Enums and Factors Guide
How to map Rust enums to R factors and character strings.
How to map Rust enums to R factors and character strings.
miniextendr provides two complementary systems for enum-like types:
| System | R Representation | Partial Match | Default | Use Case |
|---|---|---|---|---|
RFactor | Factor (integer + levels) | No | - | Categorical data for table(), lm(), etc. |
MatchArg | Character scalar | Yes | First choice | Parameter validation (match.arg() style) |
πRFactor: enum as R Factor
Maps a Rust enum to an R factor with levels. Each variant becomes a level.
#[derive(Copy, Clone, RFactor)]
pub enum Color {
Red, // level index 1
Green, // level index 2
Blue, // level index 3
}
Use in functions:
#[miniextendr]
pub fn describe(color: Color) -> &'static str {
match color {
Color::Red => "warm",
Color::Green => "cool",
Color::Blue => "cool",
}
}
#[miniextendr]
pub fn favorite() -> Color {
Color::Blue
}
From R:
describe(factor("Red", levels = c("Red", "Green", "Blue")))
# [1] "warm"
favorite()
# [1] Blue
# Levels: Red Green BlueπRename Variants
#[derive(Copy, Clone, RFactor)]
#[r_factor(rename_all = "snake_case")]
pub enum Status {
InProgress, // level: "in_progress"
Completed, // level: "completed"
NotStarted, // level: "not_started"
}
#[derive(Copy, Clone, RFactor)]
pub enum Priority {
#[r_factor(rename = "lo")]
Low,
#[r_factor(rename = "med")]
Medium,
#[r_factor(rename = "hi")]
High,
}
Supported rename_all values: snake_case, kebab-case, lower, upper.
πFactor Vectors
Use FactorVec<T> for vectors and FactorOptionVec<T> for vectors with NA:
use miniextendr_api::{FactorVec, FactorOptionVec};
#[miniextendr]
pub fn all_colors() -> FactorVec<Color> {
FactorVec(vec![Color::Red, Color::Green, Color::Blue])
}
#[miniextendr]
pub fn parse_colors(input: FactorOptionVec<Color>) -> Vec<&'static str> {
input.0.iter().map(|c| match c {
Some(Color::Red) => "red",
Some(Color::Green) => "green",
Some(Color::Blue) => "blue",
None => "NA",
}).collect()
}
From R:
all_colors()
# [1] Red Green Blue
# Levels: Red Green Blue
x <- factor(c("Red", NA, "Blue"), levels = c("Red", "Green", "Blue"))
parse_colors(x)
# [1] "red" "NA" "blue"πCaching
The #[derive(RFactor)] macro generates a OnceLock-cached levels STRSXP. The
levels string vector is allocated once and reused for all subsequent conversions,
giving ~4x speedup for single-value conversions.
πVia #[miniextendr]
Instead of #[derive(RFactor)], you can use the attribute macro:
#[miniextendr]
#[derive(Copy, Clone)]
pub enum Color { Red, Green, Blue }
These are equivalent. #[miniextendr] on a fieldless enum dispatches to the same
RFactor derive internally.
πMatchArg: enum as string parameter
Maps a Rust enum to R character strings with match.arg() validation. Supports
partial matching and defaults to the first variant when NULL is passed.

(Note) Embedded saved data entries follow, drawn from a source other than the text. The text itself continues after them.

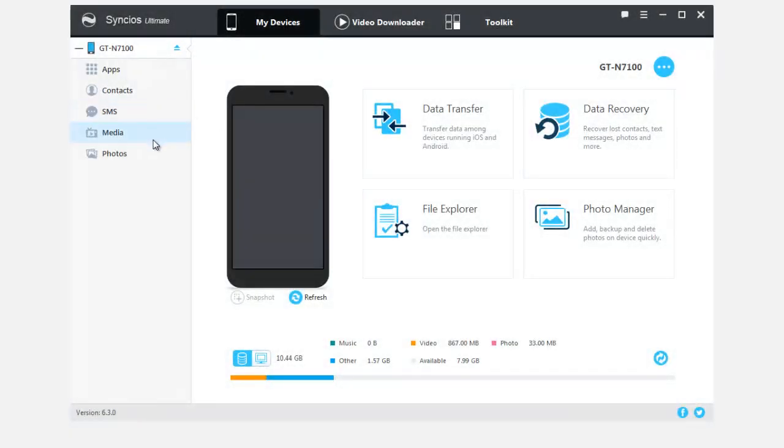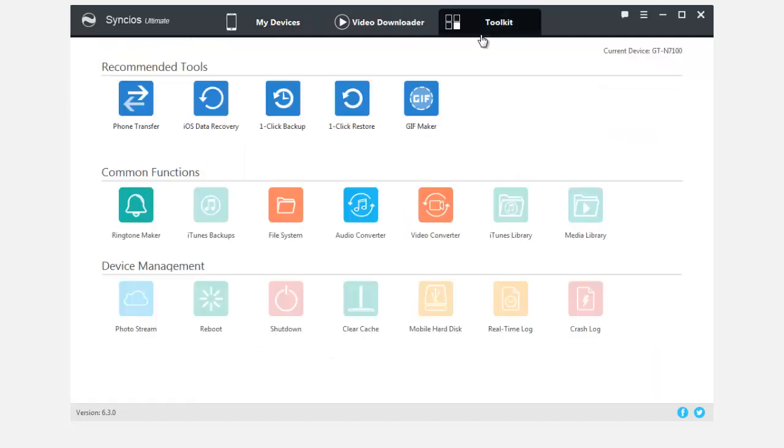Syncios Manager is a comprehensive mobile phone assistant which can not only manage your phone, but also one-click backup and restore your data.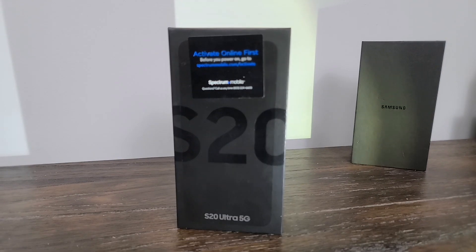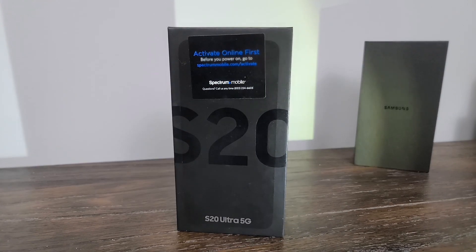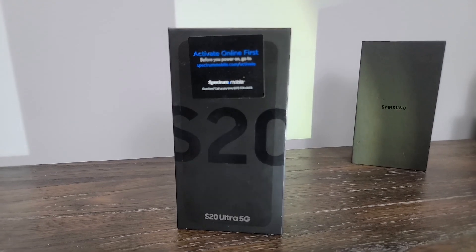Here I'm messing around with Live Focus Video on my previous phone, the S9 Plus. You could only use still images for Live Focus, but now I can do it in an actual recording.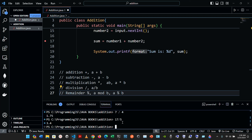Java provides the remainder operator — the percent sign — which yields the remainder after division. The expression a percent b yields the remainder after a is divided by b.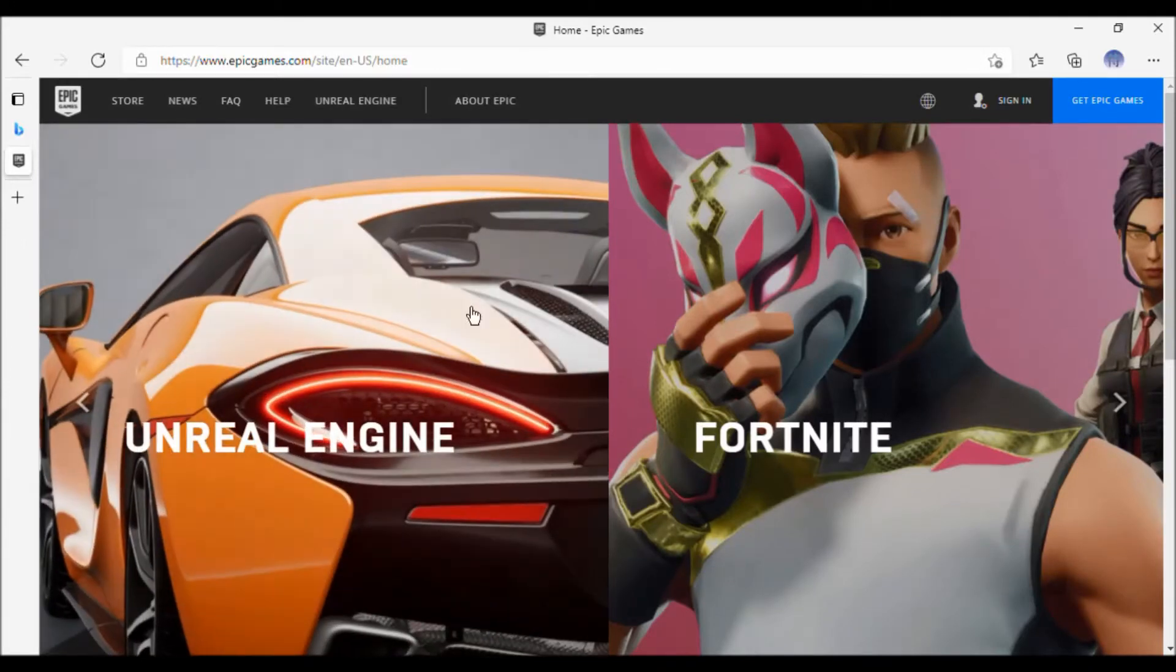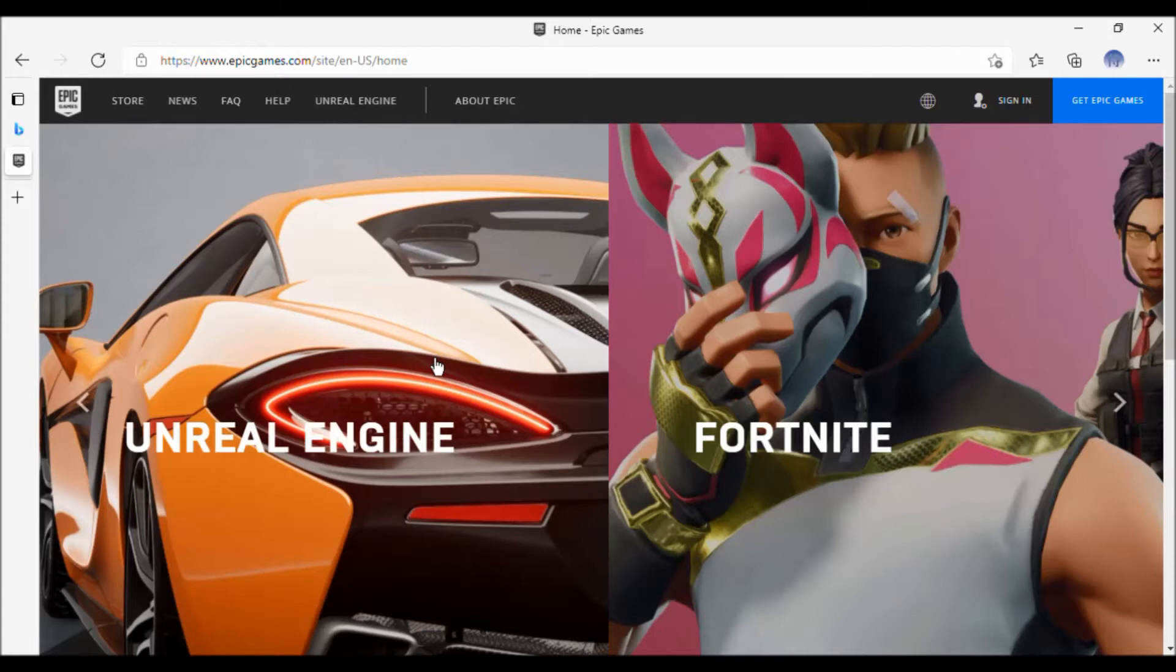Hey, what's up boys and girls! Today I will tell you how to unlink your Xbox One or Xbox Series S or X account from your Epic Games account. Okay, let's start. First, go to the Epic Games website.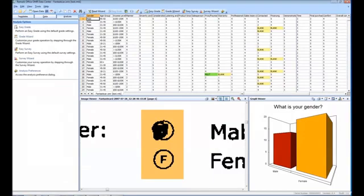We are in the data center of Remark Office OMR. We have scanned a group of completed forms and the raw data from these forms is displayed in the spreadsheet grid.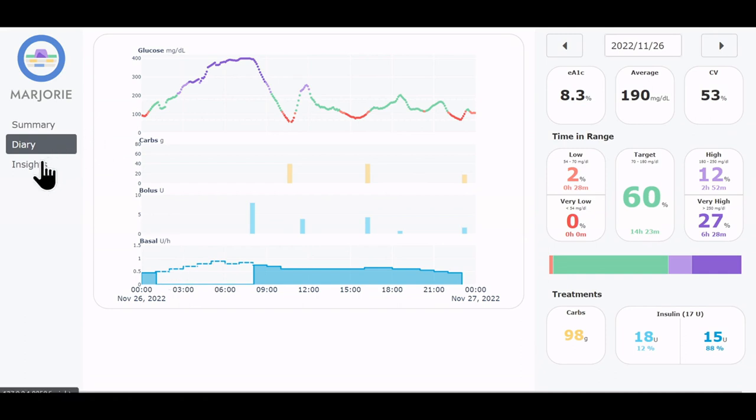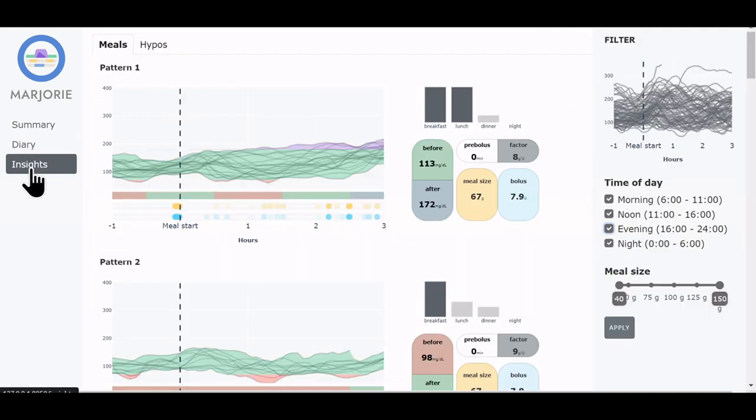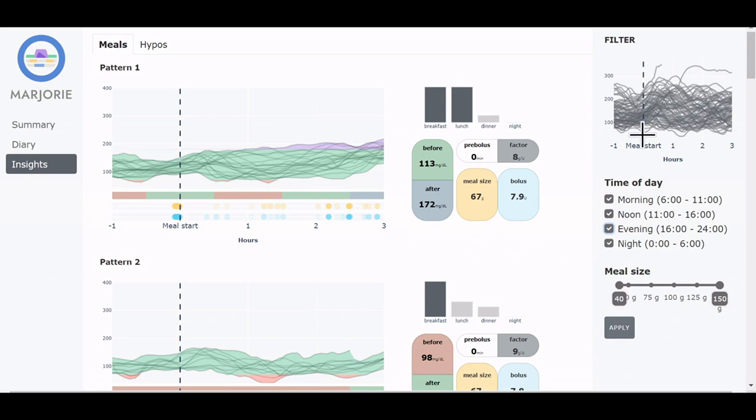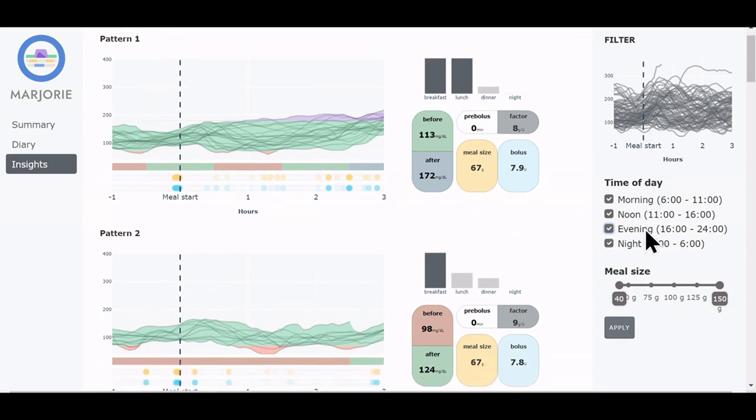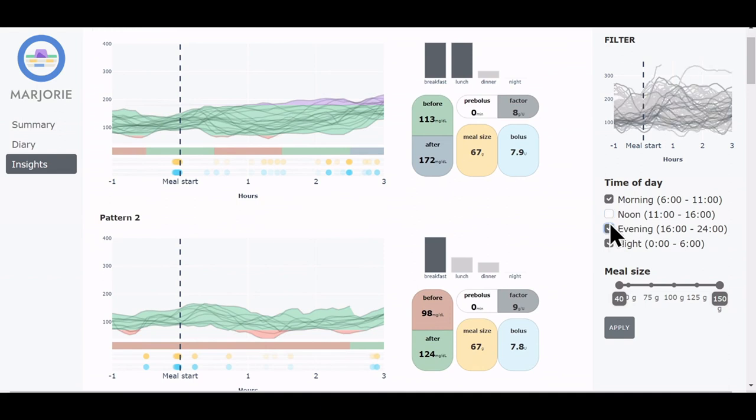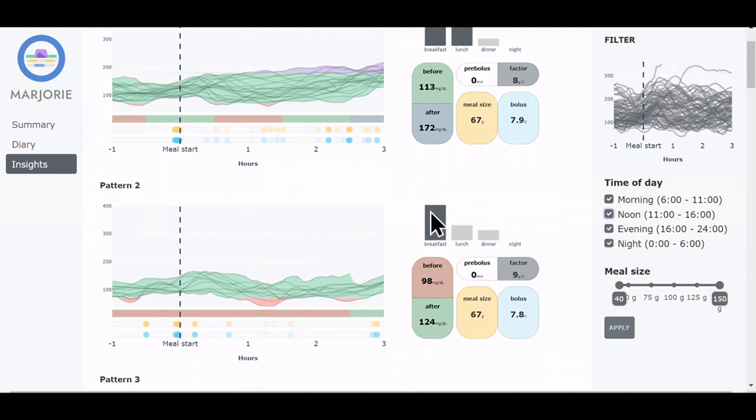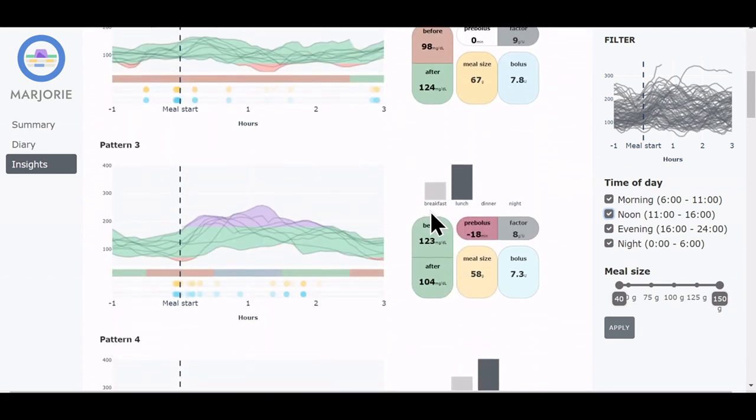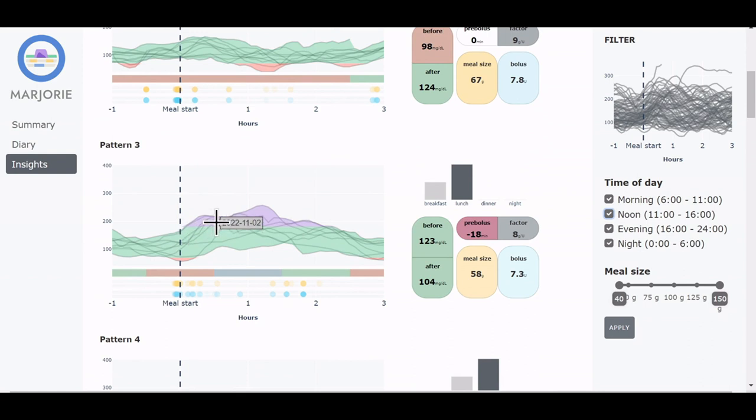Next, we navigate to the insights view. Here, 4-hour windows that contain meals are extracted from the data set and clustered by glucose similarity. This results in a collection of typically occurring glucose patterns during a meal. On the right, there's a filter sidebar that shows an overview of all the extracted data. And users can select a preferred time of day or a preferred meal size they want to filter for. And we can see, for example, pattern 3 shows a summary of situations where the glucose increased after the meal but eventually return to the initial value.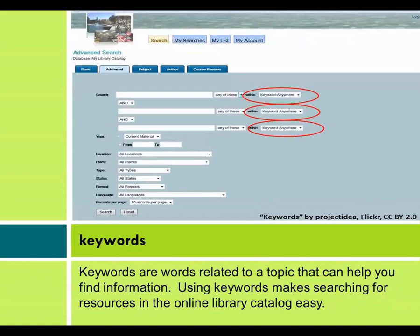Keywords. Keywords are words related to a topic that can help you find information. Using keywords makes searching for resources in the online library catalog easy.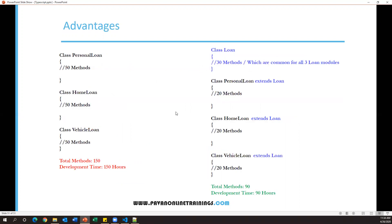Let's analyze a practical scenario. I have a class called PersonalLoan which contains 50 methods implemented, and I have other modules like HomeLoan and VehicleLoan. Each of these three modules has 50 methods implemented in separate classes. So each class contains 50 methods, giving a total of 150 methods implemented. Assuming one hour per method, the total development time is 150 hours.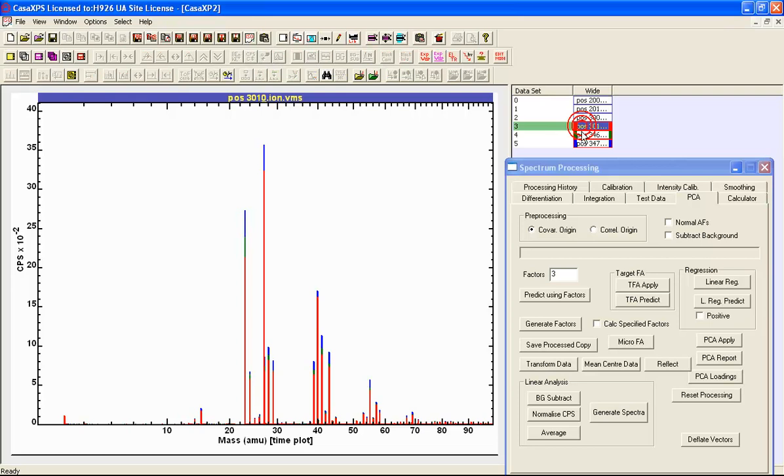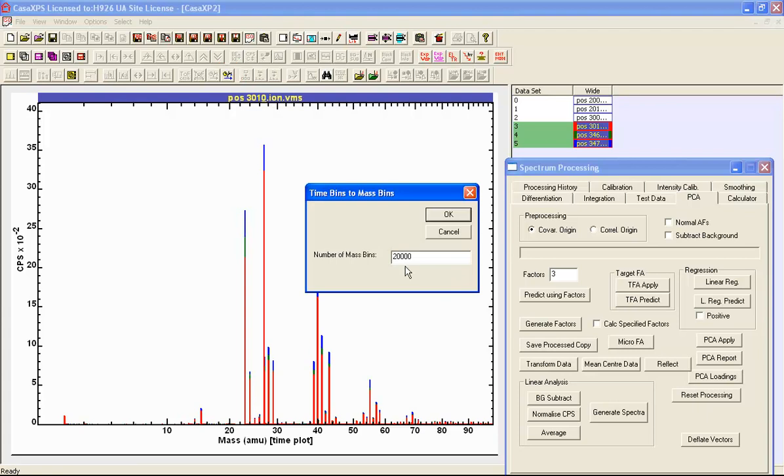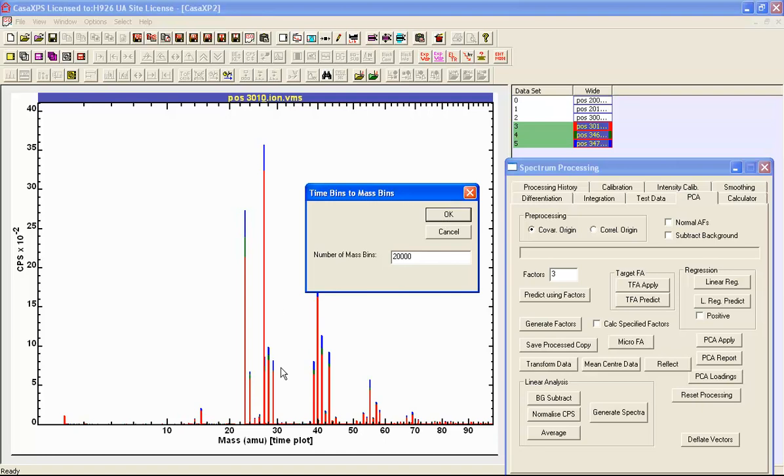So what I will do first is calibrate these using an option on the SIMS toolbar that will allow me to time to mass calibrate data. What I'm going to do is use a relatively small number of mass bins, and the reason I'm doing this is to help with the explanation of PCA. It will be much easier to display and explain the results of PCA if we don't have too many mass bins that we have to process in terms of display.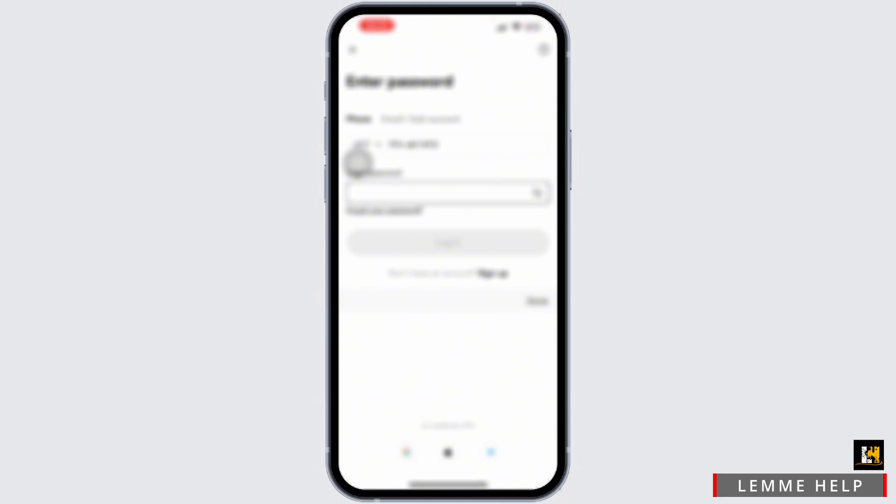Now you will be navigated to the enter your password option. Simply tap on the forgot password or reset password option available.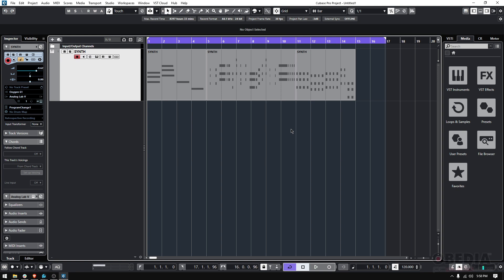You might find yourself in a situation where you recorded something and you want to check or audition how it would sound if this part was muted in context with the mix. You have two options. You could delete the part, but what if you change your mind?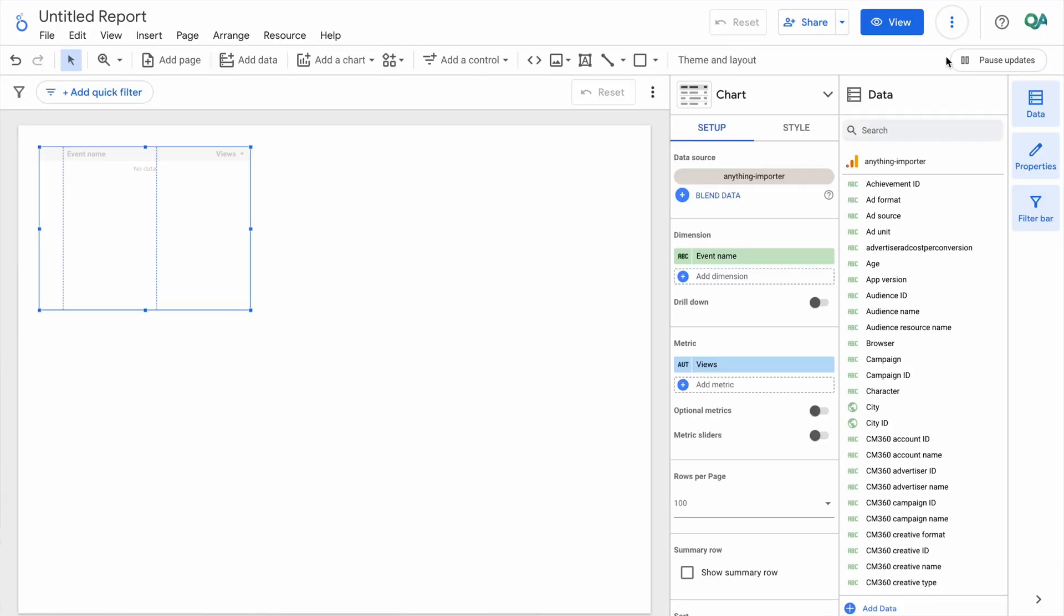Okay, now we can use GA4 data in Looker Studio. At first glance, having all the information under your arms is a good idea. You can always add new metrics and explore connections that aren't obvious.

#[derive(Copy, Clone, MatchArg)]
pub enum Mode {
Fast, // choice: "Fast"
Safe, // choice: "Safe"
Debug, // choice: "Debug"
}
Use in functions:
#[miniextendr]
pub fn run(mode: Mode) -> String {
match mode {
Mode::Fast => "running fast".into(),
Mode::Safe => "running safe".into(),
Mode::Debug => "running debug".into(),
}
}
The generated R wrapper shows the choice list directly as the formal default:
run <- function(mode = c("Fast", "Safe", "Debug")) {
mode <- if (is.factor(mode)) as.character(mode) else mode
mode <- base::match.arg(mode)
.Call(C_run, mode)
}
The enumβs CHOICES are spliced in at cdylib-write time (not stored in an R
variable), so ?run and tab-completion both show the real options. If you set
an explicit default = "\"Safe\"", the splice rotates that value to position 1
of the vector β match.arg(arg) returns arg[1] when arg matches the formal
default, so the rotated value becomes the effective default while the rest of
the choices remain visible: function(mode = c("Safe", "Fast", "Debug")). The
default value must be one of the enumβs choices; otherwise the cdylib panics
at write time.
From R:
run("Fast") # exact match
run("F") # partial match β "Fast"
run() # NULL β default (first choice: "Fast")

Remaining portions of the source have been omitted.